*** Task inputs ***

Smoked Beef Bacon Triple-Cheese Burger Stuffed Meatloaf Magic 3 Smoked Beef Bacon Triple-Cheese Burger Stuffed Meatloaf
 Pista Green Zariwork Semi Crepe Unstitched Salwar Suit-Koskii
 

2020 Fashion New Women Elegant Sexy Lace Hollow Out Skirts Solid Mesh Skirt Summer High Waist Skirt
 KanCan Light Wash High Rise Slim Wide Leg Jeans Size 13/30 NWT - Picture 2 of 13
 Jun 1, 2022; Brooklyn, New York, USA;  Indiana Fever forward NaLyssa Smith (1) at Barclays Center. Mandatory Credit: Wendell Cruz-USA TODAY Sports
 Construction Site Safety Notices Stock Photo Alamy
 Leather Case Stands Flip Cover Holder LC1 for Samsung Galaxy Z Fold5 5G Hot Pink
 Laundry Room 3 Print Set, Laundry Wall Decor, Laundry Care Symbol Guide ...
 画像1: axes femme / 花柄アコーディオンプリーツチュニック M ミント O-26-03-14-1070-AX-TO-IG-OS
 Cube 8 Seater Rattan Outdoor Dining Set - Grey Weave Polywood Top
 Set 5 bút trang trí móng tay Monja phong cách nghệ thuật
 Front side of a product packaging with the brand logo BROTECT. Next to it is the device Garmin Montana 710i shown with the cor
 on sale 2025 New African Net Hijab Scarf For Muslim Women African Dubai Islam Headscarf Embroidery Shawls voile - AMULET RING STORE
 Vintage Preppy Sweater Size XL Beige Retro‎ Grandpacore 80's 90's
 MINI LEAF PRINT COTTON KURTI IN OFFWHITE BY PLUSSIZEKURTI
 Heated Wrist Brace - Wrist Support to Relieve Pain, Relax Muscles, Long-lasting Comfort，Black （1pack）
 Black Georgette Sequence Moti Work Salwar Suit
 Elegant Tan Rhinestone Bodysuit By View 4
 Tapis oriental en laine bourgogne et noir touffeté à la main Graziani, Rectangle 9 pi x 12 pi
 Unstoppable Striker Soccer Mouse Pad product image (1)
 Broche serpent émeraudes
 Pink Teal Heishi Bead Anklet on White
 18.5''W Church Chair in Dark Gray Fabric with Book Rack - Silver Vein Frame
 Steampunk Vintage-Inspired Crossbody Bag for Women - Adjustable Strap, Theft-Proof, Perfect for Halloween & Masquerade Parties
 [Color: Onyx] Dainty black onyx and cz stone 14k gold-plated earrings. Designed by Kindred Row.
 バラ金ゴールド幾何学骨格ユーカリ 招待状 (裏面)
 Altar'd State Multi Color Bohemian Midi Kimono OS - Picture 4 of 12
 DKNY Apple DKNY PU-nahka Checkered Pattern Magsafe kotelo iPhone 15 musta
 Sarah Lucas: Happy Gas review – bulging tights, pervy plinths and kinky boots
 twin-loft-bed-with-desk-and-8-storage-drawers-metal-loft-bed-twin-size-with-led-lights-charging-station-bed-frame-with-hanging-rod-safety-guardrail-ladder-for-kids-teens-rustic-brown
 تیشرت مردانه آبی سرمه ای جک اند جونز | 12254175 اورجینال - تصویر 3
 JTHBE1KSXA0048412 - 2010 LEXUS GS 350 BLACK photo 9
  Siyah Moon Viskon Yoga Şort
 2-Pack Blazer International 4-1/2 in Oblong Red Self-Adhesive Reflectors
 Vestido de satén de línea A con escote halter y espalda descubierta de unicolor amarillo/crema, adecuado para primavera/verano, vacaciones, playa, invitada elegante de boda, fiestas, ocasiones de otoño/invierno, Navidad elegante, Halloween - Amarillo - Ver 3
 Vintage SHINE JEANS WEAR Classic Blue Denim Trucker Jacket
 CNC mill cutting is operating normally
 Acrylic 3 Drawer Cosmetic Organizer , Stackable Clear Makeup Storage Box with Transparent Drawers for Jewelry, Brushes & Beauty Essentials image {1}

***

■ **Exercise**:
Exactly and exclusively, repeat the lines from the line that contains "JTHBE1KSXA0048412 - 2010" through the end of the records, both ends included.

■ **Written response**:
 JTHBE1KSXA0048412 - 2010 LEXUS GS 350 BLACK photo 9
  Siyah Moon Viskon Yoga Şort
 2-Pack Blazer International 4-1/2 in Oblong Red Self-Adhesive Reflectors
 Vestido de satén de línea A con escote halter y espalda descubierta de unicolor amarillo/crema, adecuado para primavera/verano, vacaciones, playa, invitada elegante de boda, fiestas, ocasiones de otoño/invierno, Navidad elegante, Halloween - Amarillo - Ver 3
 Vintage SHINE JEANS WEAR Classic Blue Denim Trucker Jacket
 CNC mill cutting is operating normally
 Acrylic 3 Drawer Cosmetic Organizer , Stackable Clear Makeup Storage Box with Transparent Drawers for Jewelry, Brushes & Beauty Essentials image {1}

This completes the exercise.